I can only surmise that it’s the people with political and financial influence that are behind the silencing, since OSAB is unpopular with many of those people.
The City spent several years at a cost of millions of dollars, in large part provided in grants by the federal government, for Plan El Paso, El Paso’s nationally-recognized, award-winning comprehensive plan.
It has since been shelved. Proof of this is that it is no longer available on the city’s web site. Once again, it seems apparent that some people with influence have convinced the City to ignore it, because Plan El Paso discourages urban sprawl.
Impact fees are strictly regulated by the state and are designed so that new growth pays for itself, instead of the taxpayers or ratepayers subsidizing the new growth. El Paso has imposed impact fees on new growth for water and wastewater infrastructure since 2009.
Impact fees are calculated by anticipating how many new housing units will be built in new growth areas over a ten year period and the cost of infrastructure to extend water and wastewater service to those new units. The calculation was originally roughly $2,000 per new water meter (unit) in the city’s three new growth areas when the impact fees were imposed in 2009. City Council approved 75% of that amount in impact fees. That left the rest of us still subsidizing new growth for about $500 per unit.
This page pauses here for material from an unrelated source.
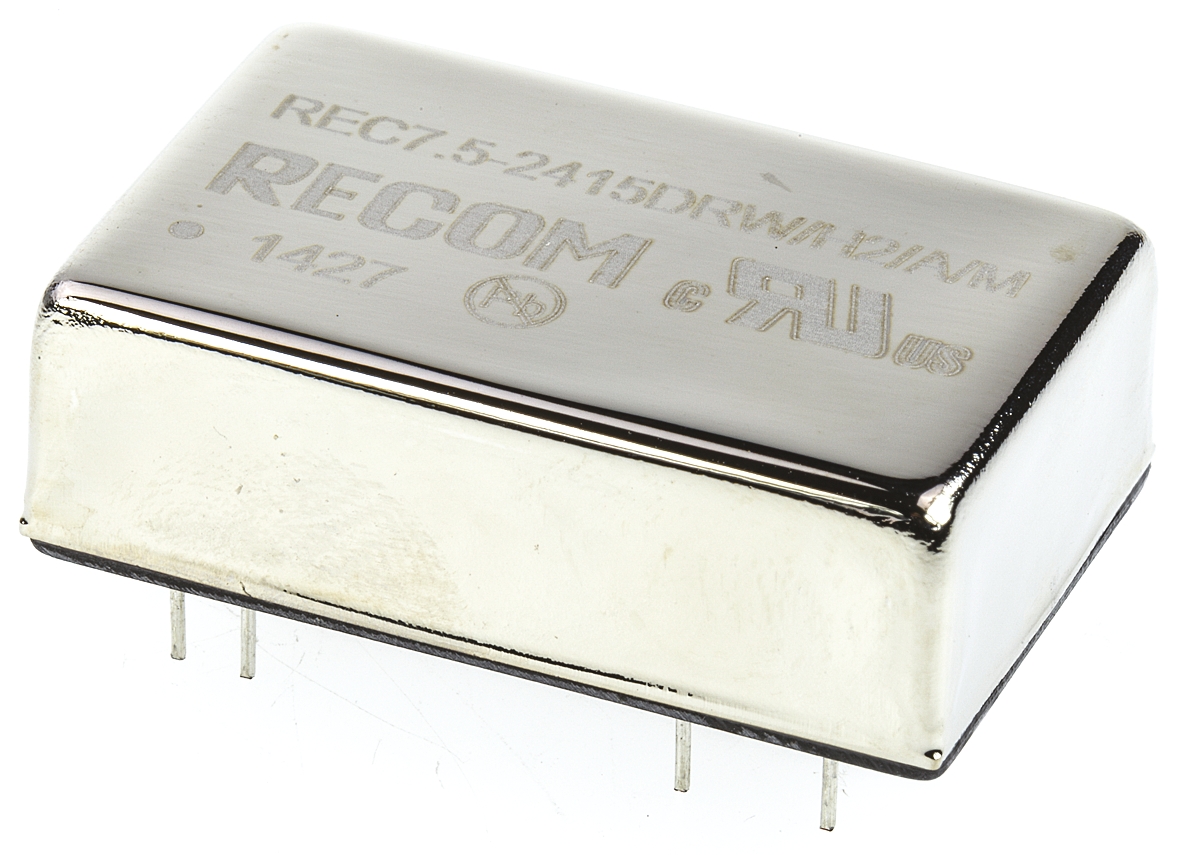 Recom REC7.5 DC/DC Converter, 15V, -15 V/ 250 mA, 36V dc Input, 18V Input 7.5 W, Through Hole, 71 °C Max Temp -40 °C Min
Every five years the state requires impact fees to be recalculated. In 2014 the El Paso Water Utilities calculated about $35 million more for infrastructure to serve the East and Northeast new-growth areas with a slight increase in the West.
I had term-limited off the Capital Improvements Advisory Committee by then. The East and Northeast new growth areas are now approximately as much as $4,000 per unit. The Capital Improvements Advisory Committee, the majority of whose members belong to the El Paso Association of Builders, convinced City Council to withhold any increase.
You and I are now left with subsidizing new growth for water and wastewater costs at up to $2,500 per unit.
Also, in late 2014, the PSB Selection Committee, met to select the engineer position on the PSB. The incumbent was the very highly qualified David Nemir, who had already served on the board for the previous four years and was eligible for another four year term. One of the other applicants, who I will not name, was a land development engineer.
There is a policy that land development engineers do not qualify for membership on the PSB due to a possible conflict of interest. I pointed this out at the meeting. However, the attorney for the PSB/EPWU said the applicant had recently sold his engineering firm and retired. If he sold his firm and retired, why is he still representing land development clients at the City? I’ve personally seen him do so.
The mayor, who serves on the PSB and chairs the selection committee, was absent at this PSB selection meeting. The selection committee proceeded to re-nominate Dr. Nemir by a wide margin.
When the committee’s recommendation subsequently went to City Council, the land development engineer was inexplicably appointed in place of Dr. Nemir. City Council has the right to appoint anyone it wants, but we have to ask ourselves whether political influence was involved.
The best way for citizens to make change is elections. Let’s choose the candidates with integrity and a vision for our city, who work for us and not self-serving financial interests.